Lutut Rara lemas ketika melihat papan pengumuman di hadapannya.
PERINGKAT 2 RAISYA ANINDHITA
Bahu Rara semakin merosot ketika membaca nama di atasnya.
PERINGKAT 1 KENZO WILLIAM ADAMS
Peringkat dua untuk lima tahun berturut-turut bukanlah sebuah prestasi yang patut dibanggakan. Sejak dulu, Rara selalu berada di bawah bayang-bayang Kenzo. Sekeras atau sehebat apa pun Rara berusaha, dia tetap tidak bisa mengungguli Kenzo.
Setiap mengingat Kenzo, darahnya langsung mendidih. Marahnya langsung memuncak ke ubun-ubun. Rara merasa, Kenzo adalah biang dari kesuraman hidup Rara di sekolah.
"Wah, Kak Kenzo ranking satu lagi. Dia keren, ya?"
Rara membuang napasnya malas mendengar ungkapan kekaguman salah satu adik kelas yang tiba-tiba ada di sampingnya. Sebenarnya Rara mengutuk kebijakan sekolah yang memampang nama siswa beserta peringkatnya secara paralel. Hal ini justru menjadikan jurang pemisah antar siswa semakin melebar.

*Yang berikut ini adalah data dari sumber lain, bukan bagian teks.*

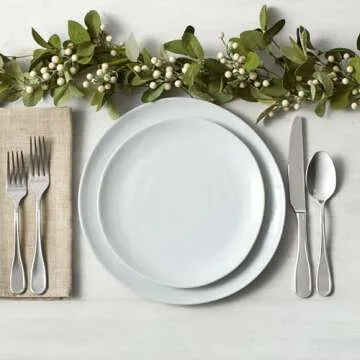 Everyday White Organic Dinnerware Set, Service For 4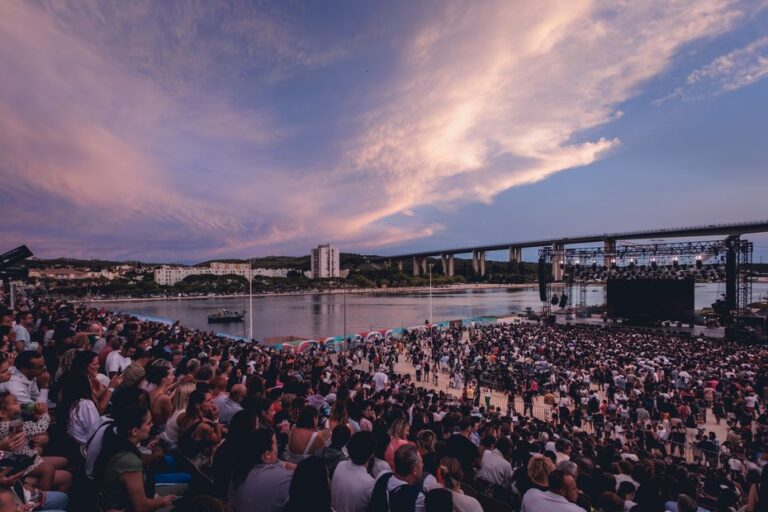 Martigues Summer Festiv’Halle : concerts en plein air avec Jean-Louis Aubert et d’autres artistes.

"Iya. Duh ... sempurna banget pokoknya. Udah pinter, ganteng, kaya lagi. Benar-benar enggak ada cela."
Rasanya Rara ingin muntah mendengar pujian yang ditujukan untuk Kenzo itu. Rara yakin adik kelasnya itu tidak tahu bagaimana sifat Kenzo Adams yang sebenarnya. Sepertinya semua orang di sekolah ini tertipu dengan penampilan manis Kenzo yang selalu membuat Rara muak. Jika saja mereka tahu bagaimana sikap asli Kenzo, mereka pasti akan berpikir dua kali untuk memujinya. Sempurna? Cih, pencitraan sekali.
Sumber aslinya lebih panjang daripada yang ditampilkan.